Content starts

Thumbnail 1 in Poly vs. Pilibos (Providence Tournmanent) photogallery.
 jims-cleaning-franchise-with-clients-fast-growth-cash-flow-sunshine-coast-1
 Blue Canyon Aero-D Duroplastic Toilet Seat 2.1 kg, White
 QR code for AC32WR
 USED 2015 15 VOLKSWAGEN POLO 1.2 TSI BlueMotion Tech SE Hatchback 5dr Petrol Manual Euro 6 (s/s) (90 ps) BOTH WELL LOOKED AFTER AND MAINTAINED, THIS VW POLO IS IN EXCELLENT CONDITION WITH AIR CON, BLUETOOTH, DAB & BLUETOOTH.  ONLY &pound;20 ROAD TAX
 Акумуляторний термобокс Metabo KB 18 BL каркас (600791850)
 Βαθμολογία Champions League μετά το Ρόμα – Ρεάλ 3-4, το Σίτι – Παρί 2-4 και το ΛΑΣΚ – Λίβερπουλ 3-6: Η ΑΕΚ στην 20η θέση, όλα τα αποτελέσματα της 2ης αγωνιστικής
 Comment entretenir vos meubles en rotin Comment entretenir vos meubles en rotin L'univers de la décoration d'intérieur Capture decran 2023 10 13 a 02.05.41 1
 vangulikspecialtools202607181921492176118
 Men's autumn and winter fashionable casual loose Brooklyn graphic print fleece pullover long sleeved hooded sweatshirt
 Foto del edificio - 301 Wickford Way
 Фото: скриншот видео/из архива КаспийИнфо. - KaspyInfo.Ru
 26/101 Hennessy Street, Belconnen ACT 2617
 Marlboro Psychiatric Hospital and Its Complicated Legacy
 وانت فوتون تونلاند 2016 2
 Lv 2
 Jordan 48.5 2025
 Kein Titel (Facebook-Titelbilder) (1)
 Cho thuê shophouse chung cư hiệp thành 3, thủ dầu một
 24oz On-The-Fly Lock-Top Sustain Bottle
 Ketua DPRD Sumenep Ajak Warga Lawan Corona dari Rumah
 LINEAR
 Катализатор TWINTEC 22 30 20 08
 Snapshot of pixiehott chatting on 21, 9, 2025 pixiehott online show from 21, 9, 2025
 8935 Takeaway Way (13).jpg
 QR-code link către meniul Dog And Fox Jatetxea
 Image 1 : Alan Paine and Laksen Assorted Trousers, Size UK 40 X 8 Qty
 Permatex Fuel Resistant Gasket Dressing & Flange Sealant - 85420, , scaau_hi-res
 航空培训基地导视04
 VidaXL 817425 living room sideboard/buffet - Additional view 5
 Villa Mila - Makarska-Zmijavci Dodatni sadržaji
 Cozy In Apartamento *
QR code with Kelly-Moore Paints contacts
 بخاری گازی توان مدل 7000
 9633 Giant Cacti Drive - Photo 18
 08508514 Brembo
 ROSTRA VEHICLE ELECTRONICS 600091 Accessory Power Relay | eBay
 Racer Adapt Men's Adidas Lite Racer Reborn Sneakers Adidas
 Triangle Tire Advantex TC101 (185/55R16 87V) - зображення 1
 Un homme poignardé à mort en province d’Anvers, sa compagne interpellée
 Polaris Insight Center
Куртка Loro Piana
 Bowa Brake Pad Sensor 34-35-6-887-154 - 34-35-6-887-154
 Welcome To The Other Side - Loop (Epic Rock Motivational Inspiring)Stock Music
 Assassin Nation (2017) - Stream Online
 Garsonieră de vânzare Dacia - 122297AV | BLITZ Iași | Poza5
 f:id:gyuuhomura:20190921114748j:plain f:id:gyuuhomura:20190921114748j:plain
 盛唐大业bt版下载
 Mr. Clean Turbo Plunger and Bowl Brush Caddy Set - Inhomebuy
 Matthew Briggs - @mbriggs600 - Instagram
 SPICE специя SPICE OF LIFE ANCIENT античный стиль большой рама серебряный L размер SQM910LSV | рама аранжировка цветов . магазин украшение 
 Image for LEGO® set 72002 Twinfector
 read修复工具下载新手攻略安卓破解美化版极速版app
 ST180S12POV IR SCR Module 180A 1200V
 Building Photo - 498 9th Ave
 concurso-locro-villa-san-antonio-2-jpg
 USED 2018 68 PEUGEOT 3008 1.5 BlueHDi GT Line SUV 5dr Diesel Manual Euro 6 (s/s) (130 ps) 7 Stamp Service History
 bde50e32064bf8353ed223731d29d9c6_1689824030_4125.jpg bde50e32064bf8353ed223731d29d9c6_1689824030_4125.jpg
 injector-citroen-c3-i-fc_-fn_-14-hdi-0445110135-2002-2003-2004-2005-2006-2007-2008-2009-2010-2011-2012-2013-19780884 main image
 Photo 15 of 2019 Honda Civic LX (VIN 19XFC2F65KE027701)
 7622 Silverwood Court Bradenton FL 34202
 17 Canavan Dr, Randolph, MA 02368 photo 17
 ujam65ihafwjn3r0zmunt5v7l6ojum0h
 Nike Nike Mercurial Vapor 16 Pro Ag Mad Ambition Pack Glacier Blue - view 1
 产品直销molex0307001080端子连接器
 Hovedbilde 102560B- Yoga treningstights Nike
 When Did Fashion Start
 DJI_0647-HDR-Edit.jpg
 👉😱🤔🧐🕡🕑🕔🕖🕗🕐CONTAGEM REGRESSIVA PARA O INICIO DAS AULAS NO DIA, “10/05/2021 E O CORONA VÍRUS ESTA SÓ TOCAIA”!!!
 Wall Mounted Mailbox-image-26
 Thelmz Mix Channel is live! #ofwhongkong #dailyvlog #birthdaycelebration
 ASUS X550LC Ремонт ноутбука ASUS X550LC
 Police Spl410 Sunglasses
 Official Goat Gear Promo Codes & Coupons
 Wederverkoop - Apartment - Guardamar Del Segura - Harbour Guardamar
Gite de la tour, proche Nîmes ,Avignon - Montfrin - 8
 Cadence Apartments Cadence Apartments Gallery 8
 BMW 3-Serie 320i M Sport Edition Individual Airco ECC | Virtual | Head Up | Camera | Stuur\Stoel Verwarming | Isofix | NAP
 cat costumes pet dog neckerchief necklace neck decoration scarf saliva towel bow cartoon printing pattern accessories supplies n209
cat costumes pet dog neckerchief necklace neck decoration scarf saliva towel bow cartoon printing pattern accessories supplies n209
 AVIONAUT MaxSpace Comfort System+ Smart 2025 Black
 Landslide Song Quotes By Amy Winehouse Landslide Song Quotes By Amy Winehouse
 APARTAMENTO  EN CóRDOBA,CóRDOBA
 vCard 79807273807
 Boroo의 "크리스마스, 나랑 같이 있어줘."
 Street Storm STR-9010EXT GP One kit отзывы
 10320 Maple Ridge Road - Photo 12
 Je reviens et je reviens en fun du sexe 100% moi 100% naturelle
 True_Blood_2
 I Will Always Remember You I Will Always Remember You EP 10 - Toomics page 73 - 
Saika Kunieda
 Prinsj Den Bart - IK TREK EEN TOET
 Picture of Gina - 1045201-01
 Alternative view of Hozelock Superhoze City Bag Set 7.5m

Content ends

**What needs to be done:** Find the lines above that contain the word "necklace" and copy each one.

**Solution for this exercise:**
 cat costumes pet dog neckerchief necklace neck decoration scarf saliva towel bow cartoon printing pattern accessories supplies n209
cat costumes pet dog neckerchief necklace neck decoration scarf saliva towel bow cartoon printing pattern accessories supplies n209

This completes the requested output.